Written employment contracts
The bank should maintain some power to determine the personnel working in its facility. The bank should also maintain the ability to ensure that the vendor's employees are qualified. The third party agreement should therefore give the bank the ability to set standards and qualifications for employees of the vendor who will be working in the bank's facility.
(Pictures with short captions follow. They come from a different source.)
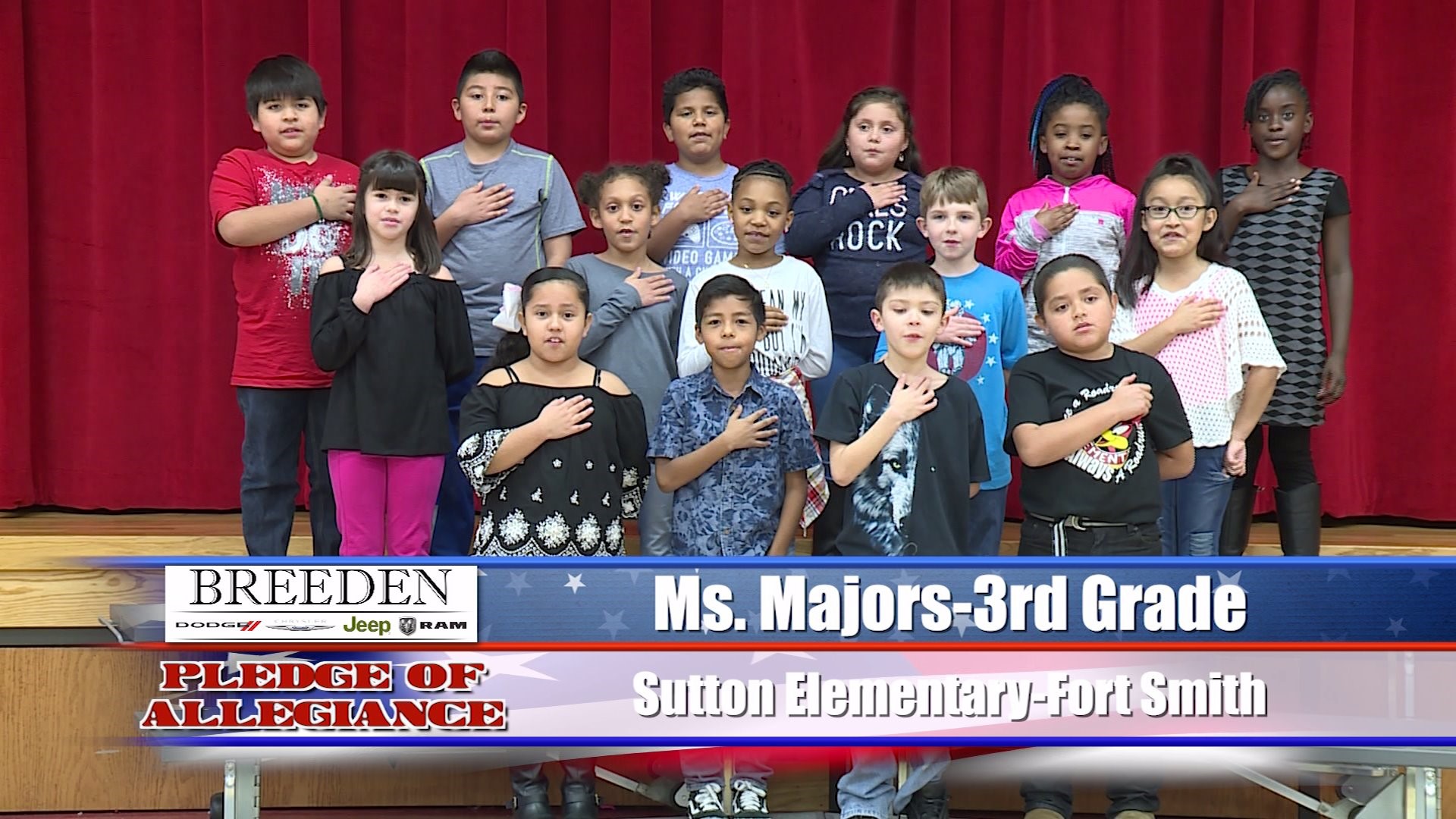 Ms. Majors  3rd Grade  Sutton Elementary  Fort Smith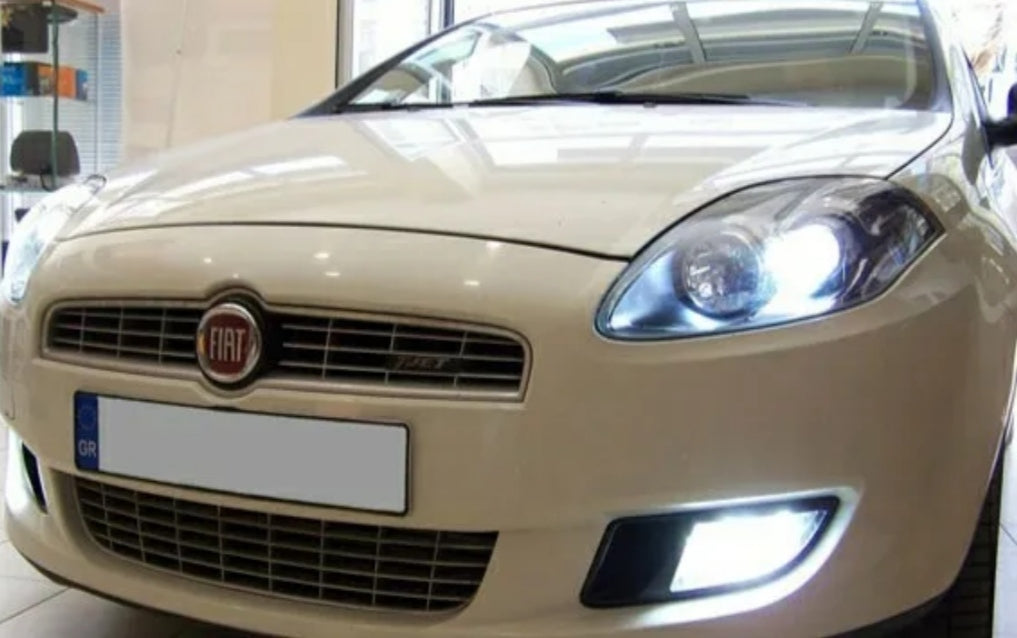 KIT LED H1 CSP FIAT BRAVO II MK2 CANBUS NO ERROR 6000K 12000LM BIANCO PER ANABBAGLIANTI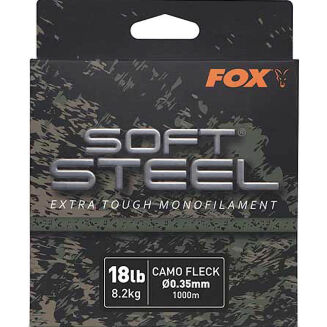 Żyłka Fox Soft Steel Fleck Camo Mono 18lb (8.2kg) 0.35mm x 1000m - 2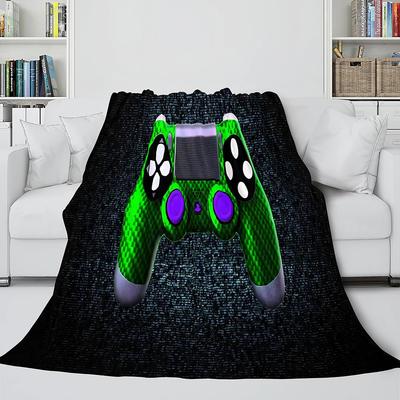Gamepadová deka Módní flanelová deka na postel pohovku přehoz Bytový textil Hráč Děti Dospělí Dárek King Queen Size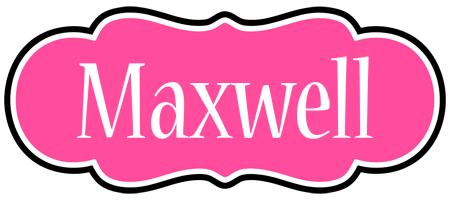 Maxwell invitation logo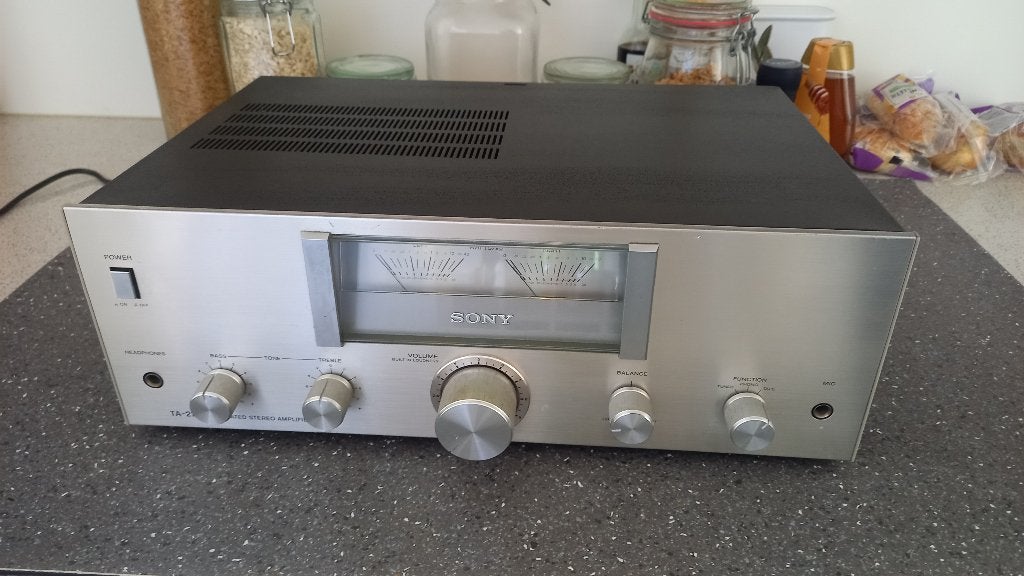 Sony TA-212 Integrated Stereo Amplifier (1978-80), Overige merken, Gebruikt, Ophalen of Verzenden, Minder dan 60 watt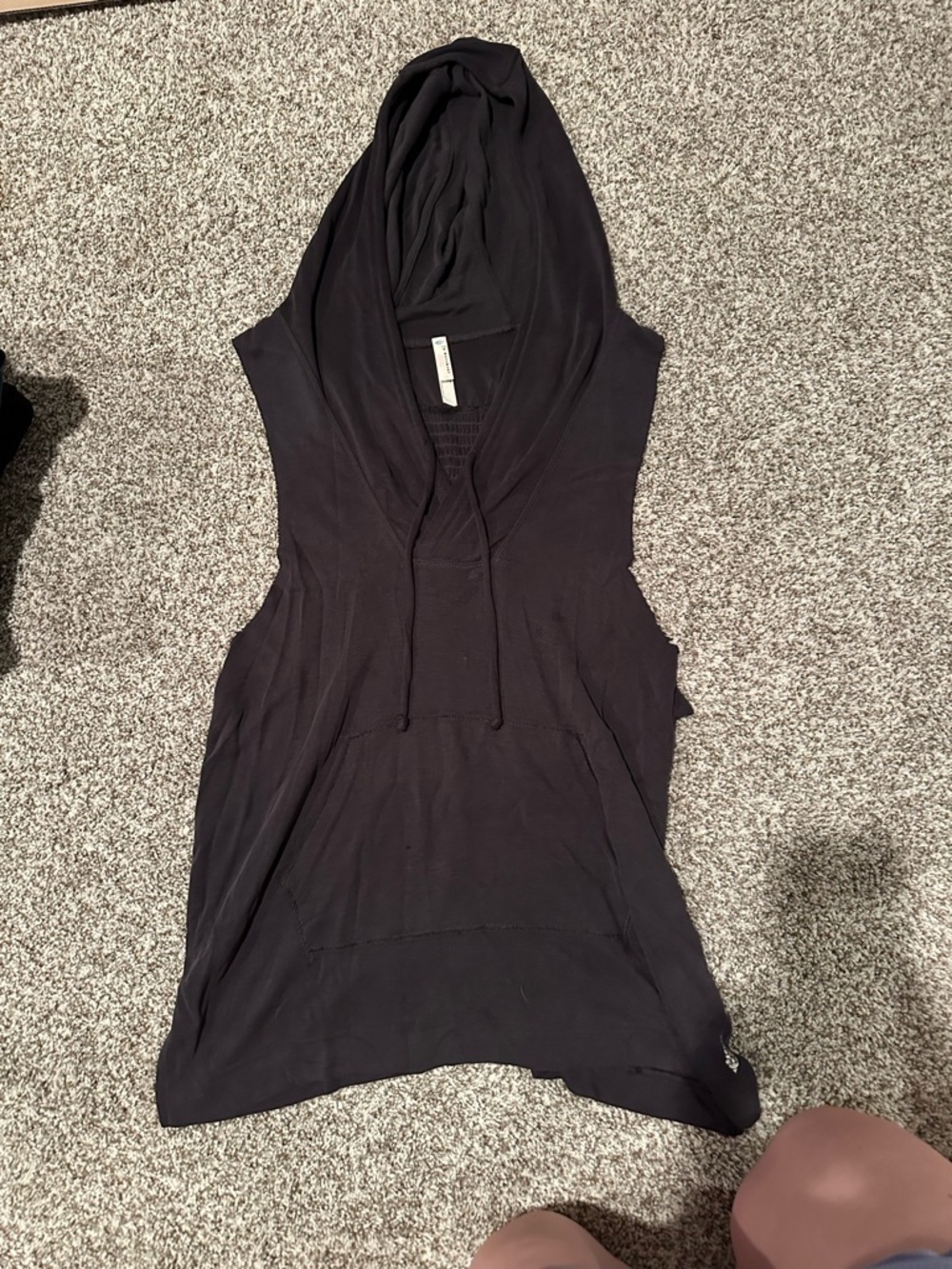 FP Movement by Free People Black Sleeveless Hooded Tunic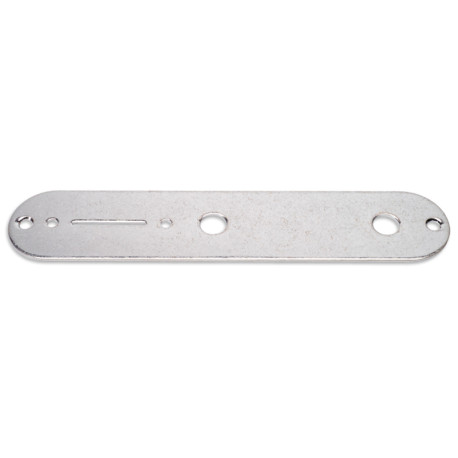 GOTOH TELE CONTROL PLATE CHROME AGED (HOLES 9.6mm)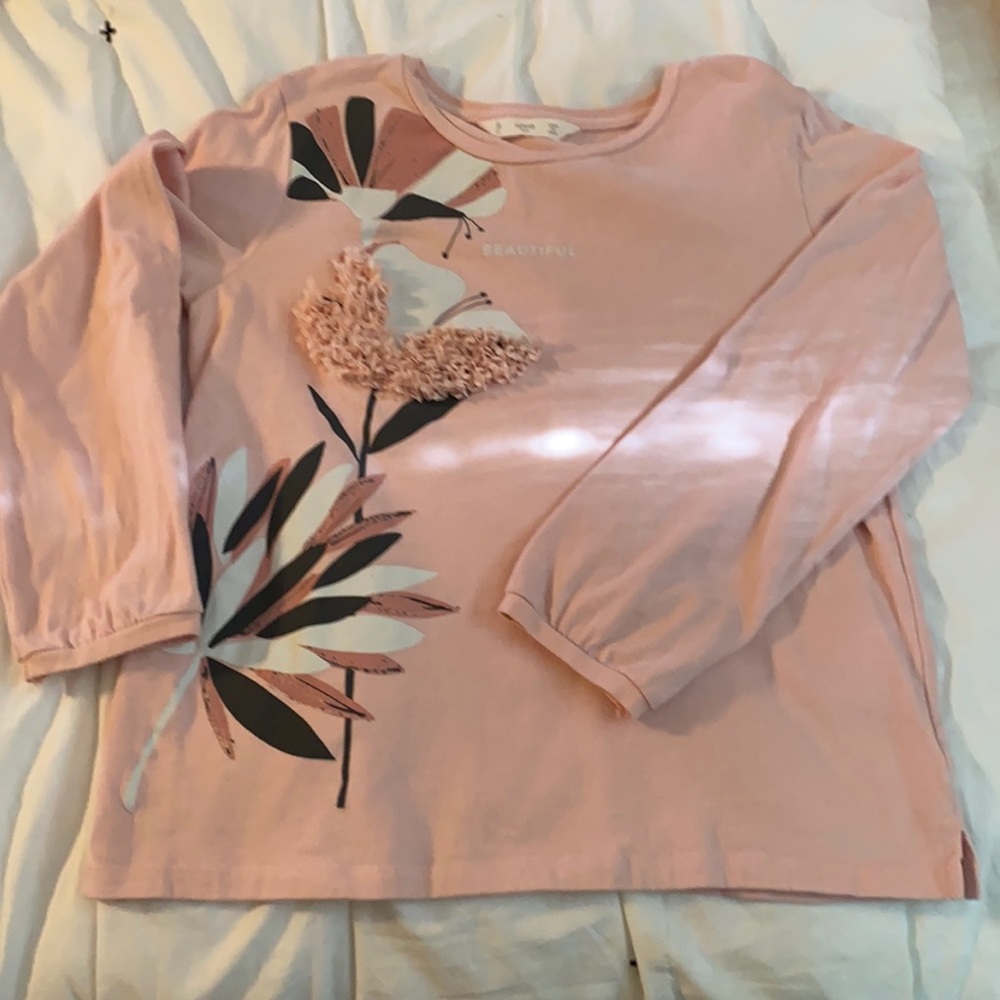Girls embellished tee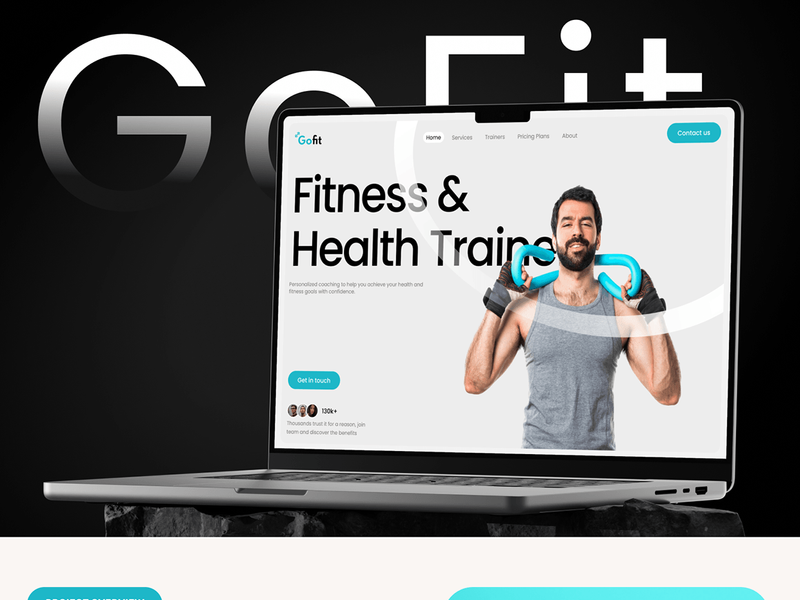 GoFit - Fitness Website UI/UX
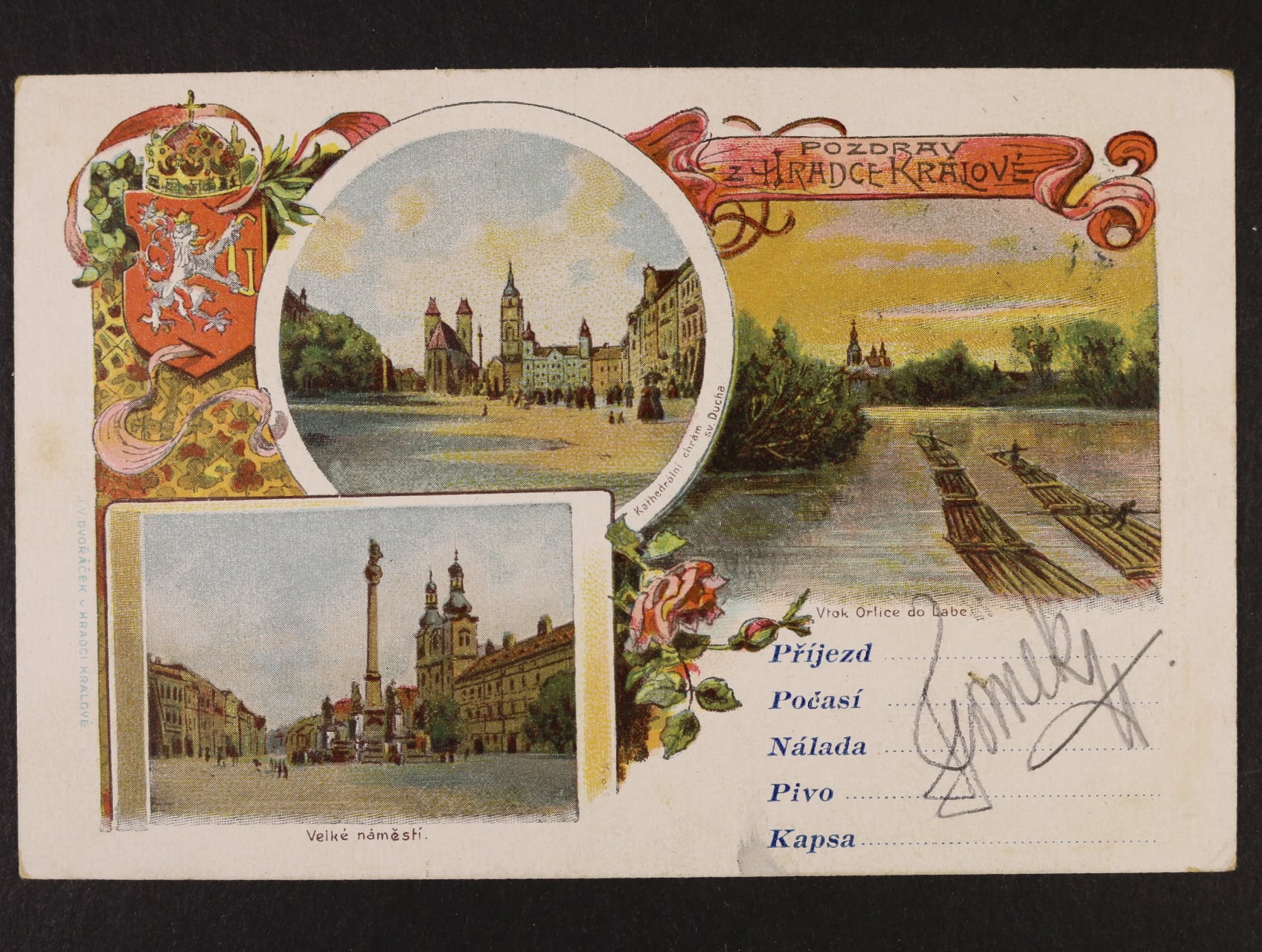 Hradec Králové, prošlá 1904
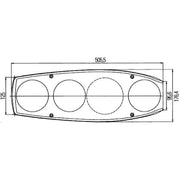Hella Tail Light / Lamp PY21W Right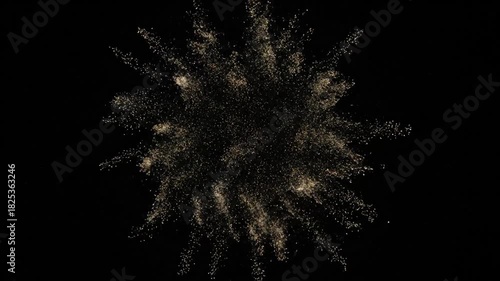 A bright explosion of light with radiating, spidery arms against a dark backdrop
If the employee is to be a joint employee of the bank and the vendor, the bank should retain the ability to maintain an employment contract that meets the bank's policy standards.

ACTION STEPS

  • If you are currently selling non-deposit investment products through a third party, review your third party agreement and be sure it provides for the required elements. Look particularly for the ability of the bank to review the third party's records.
  • If you are developing a third party agreement, make a list of all the elements the agreement should include. Meet with the bank staff that is developing the third party agreement, provide them with the list, and explain the terms they must include in the contract. Better yet, offer to help work on it.
  • Review your bank's procedures for employment contracts. Any agreement with third party vendors should be consistent with bank hiring practices. Also, make sure the agreement gives the bank the authority to "fire" a broker/dealer employee from the bank sales team.
  • Make sure the agreement provides for indemnification of the bank for third party actions.
  • If the bank hasn't realized it by now, the agreement should be reviewed by, if not drafted by, the bank's counsel.